Please note the unusual due dates for this homework assignment. The assignment has two parts. Please start early! In this assignment, you will be constructing a virtual rollercoaster ride using cubic parametric curves, blending, texture mapping, and cheesy shadows. As described in class, Bezier and Hermite curves do not provide an ideal means of describing rollercoaster position because we have no control of the second derivative using such curves. Therefore, in the first part of this assignment, you will derive a new type of cubic curve that allows the user to specify second derivatives as well as first derivatives. In the second part of the assignment, you will use this new type of curve to implement your own rollercoaster ride.

1. [15 Points] A New Family of Parametric Curves!
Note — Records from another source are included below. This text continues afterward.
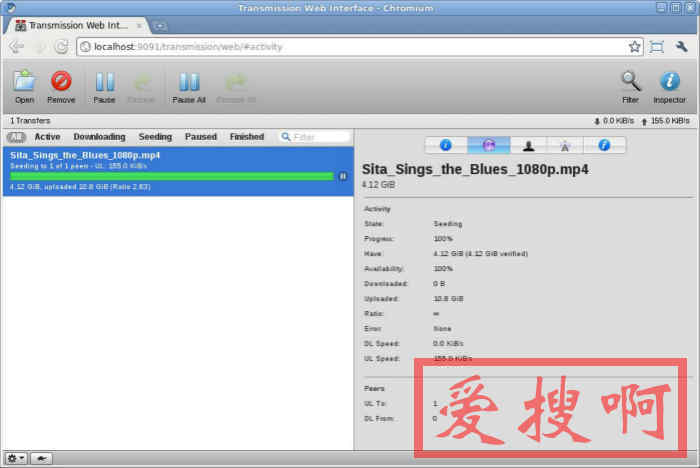CentOS 7系统Transmission美化UI界面一键安装脚本 CentOS 7系统Transmission美化UI界面一键安装脚本
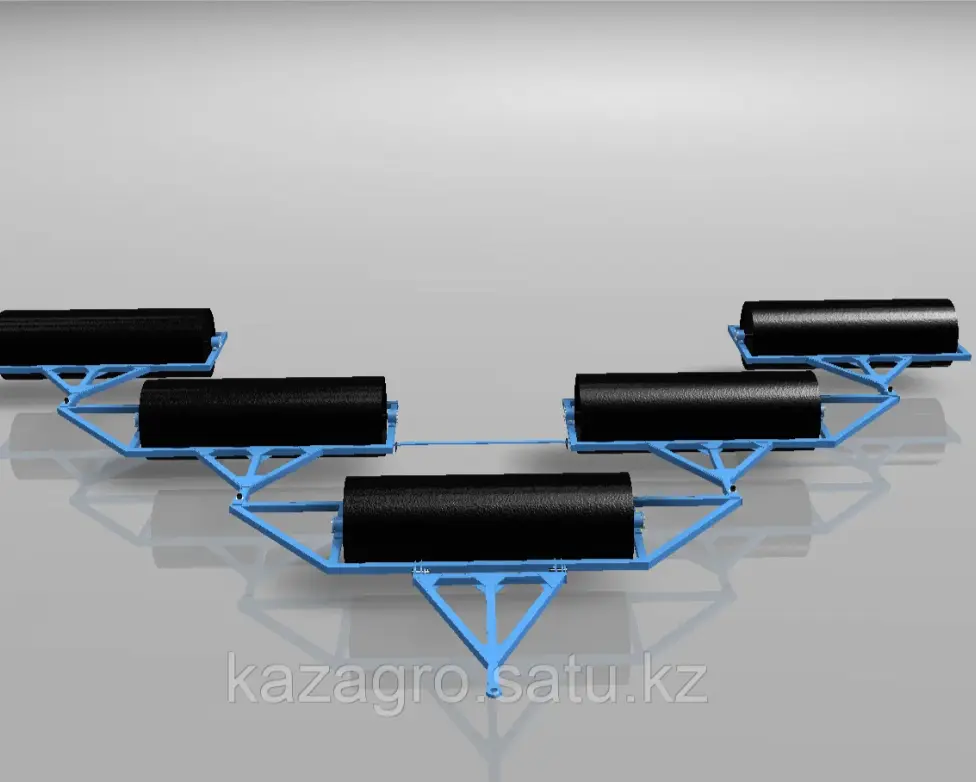Катки водоналивные КВНП-10 (720) (прицепной)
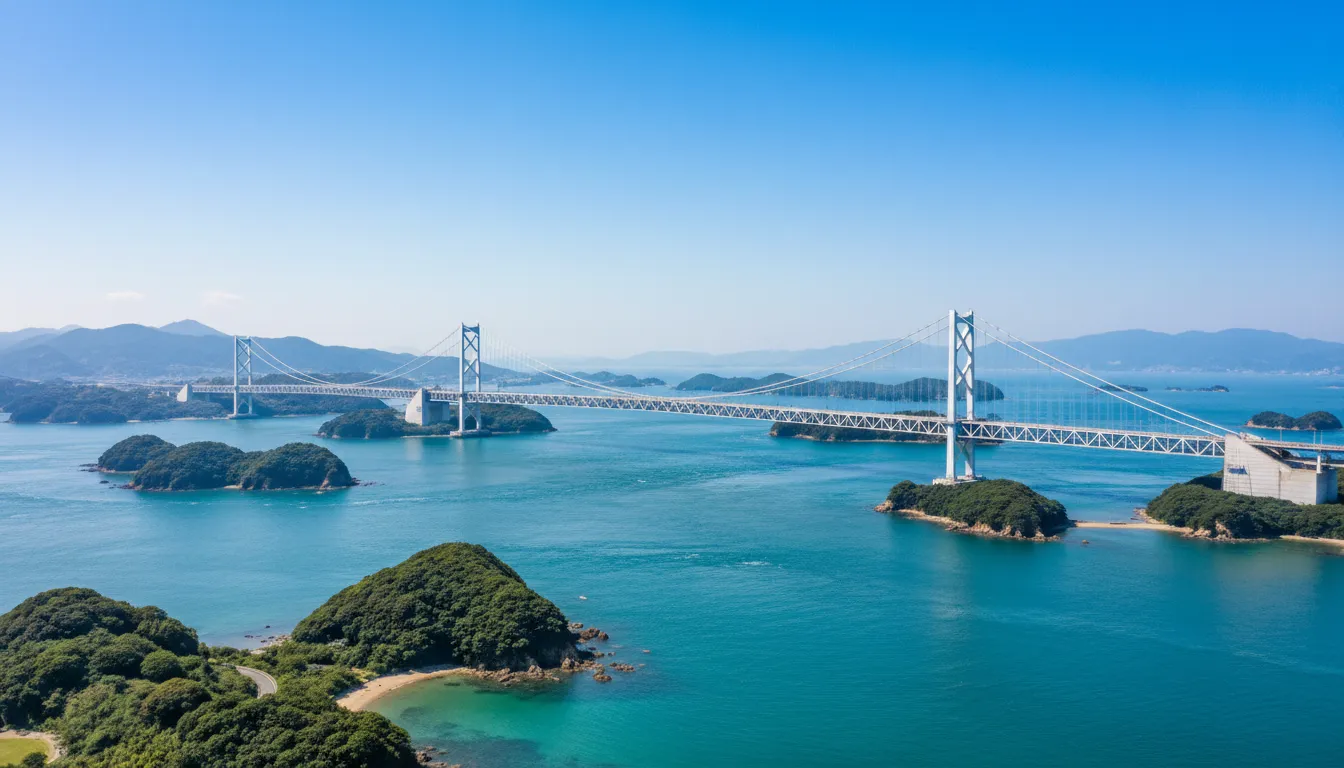 노선 4: 시마나미 카이도와 이마바리 코스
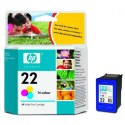 HP oryginalny ink / tusz C9352AE, HP 22, color, 138s, 5ml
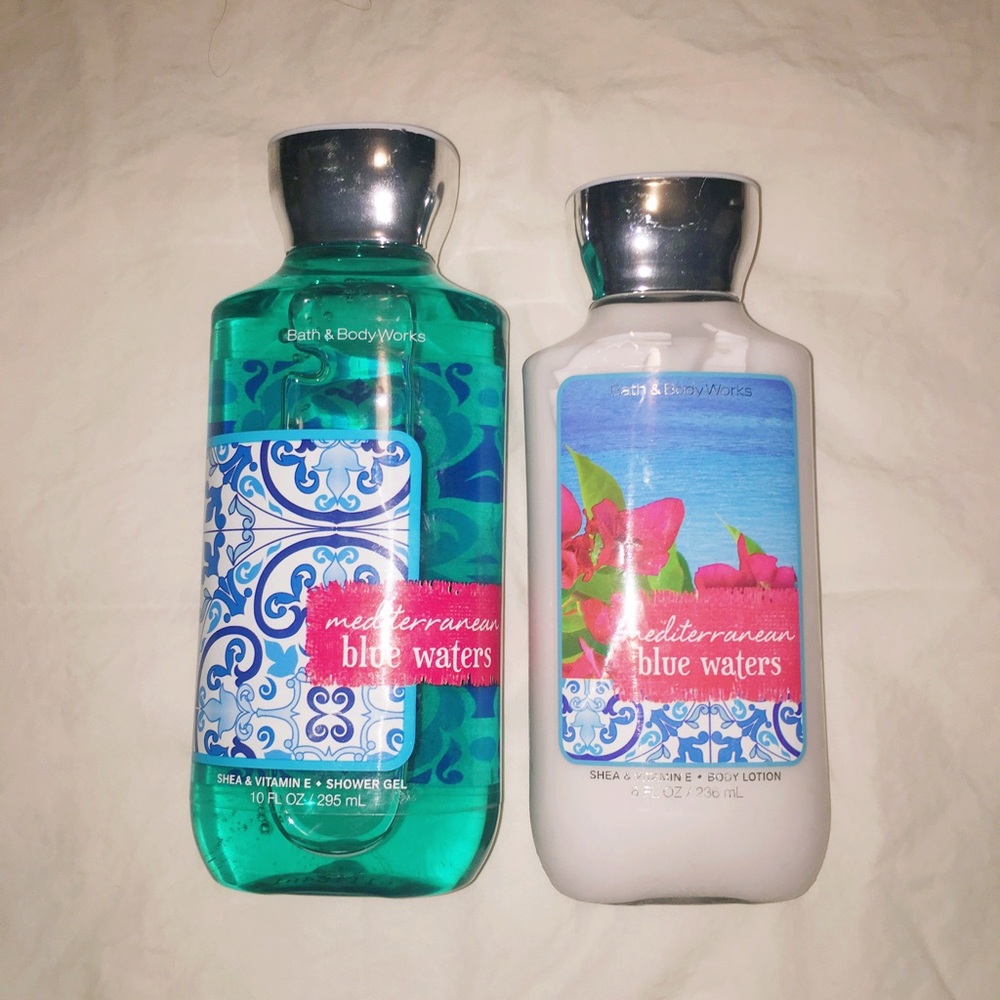 BBW Mediterranean Blue Waters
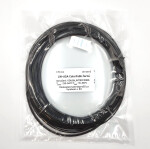 ColorFabb VZORKA 20 METROV - LW ASA čierny filament 1,75 mm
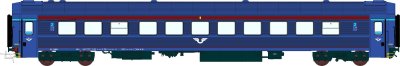 Sittvagn B11 5494 BlueX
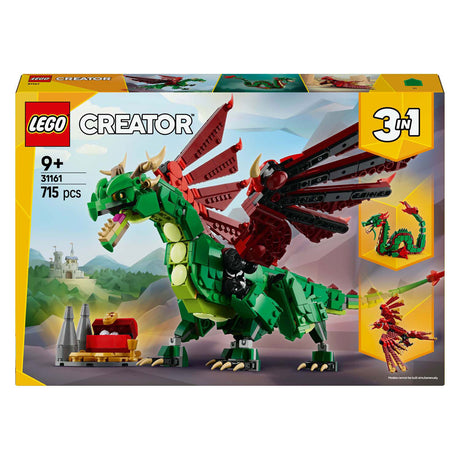 LEGO Creator 3w1 średniowieczny smok - 31161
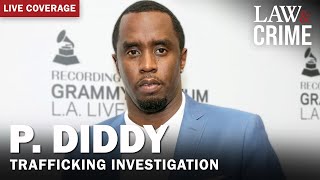 LIVE P Diddy Trafficking Indictment – Status Conference Hearing [upl. by Ejroj]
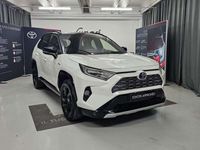 Usata Toyota RAV4 Hybrid Style 222 CV (163 kW) 2021 Bianco SUV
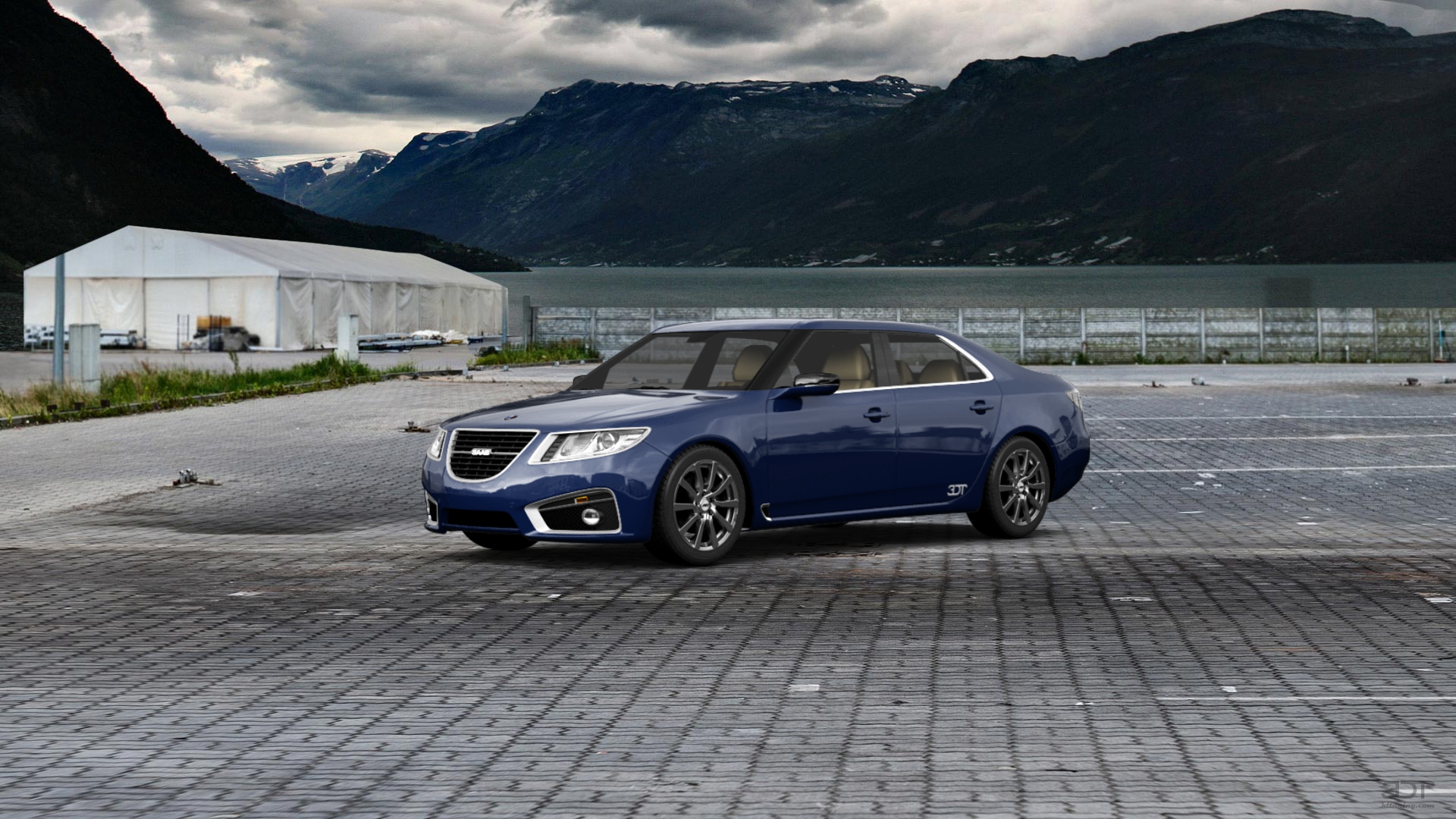 Saab 9-5 Sedan 2011 tuning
In this part of the assignment, you will derive a new type of cubic parametric curve in which the user specifies the starting point, the first derivative at the starting point, the second derivative at the starting point, and the ending point (notice that the user has no control over the first or second derivatives at the ending point). The 3 x 4 geometry matrix will be as follows: The first column contains the x-, y-, and z-coordinates for the starting point. The second column contains the x-, y-, and z-coordinates of the first derivative at the starting point. The third column contains the x-, y-, and z-coordinates of the second derivative at the starting point. The fourth column contains the x-, y-, and z-coordinates of the ending point. Using this convention for the geometry matrix, compute the 4 x 4 basis matrix for this type of parametric curve. (The matrix inversion that's required here is easy enough to quickly do by hand, but you are welcome to use MatLab or another software tool if you prefer.) Write out your derivation of the matrix carefully, showing each step. Turn this part of the homework in on paper. Write the time of submission on the top of your homework submission and slide it under my office door if I'm not there.
   
   
2. [85 Points] The Virtual Rollercoaster! Although there are a number of required features for this assignment, be creative and have fun with this! (A Note on implementation: There are a lot of things going on here. I highly recommend starting simple and augmenting your program with features one at a time. I've described the assignment in terms of augmented features in order to help break things down.)
   
   
   1. Construct a floor on the xz plane. Draw a scene on this floor containing a few opaque objects. Keep the objects simple since you're going to be casting cheesy shadows on them later!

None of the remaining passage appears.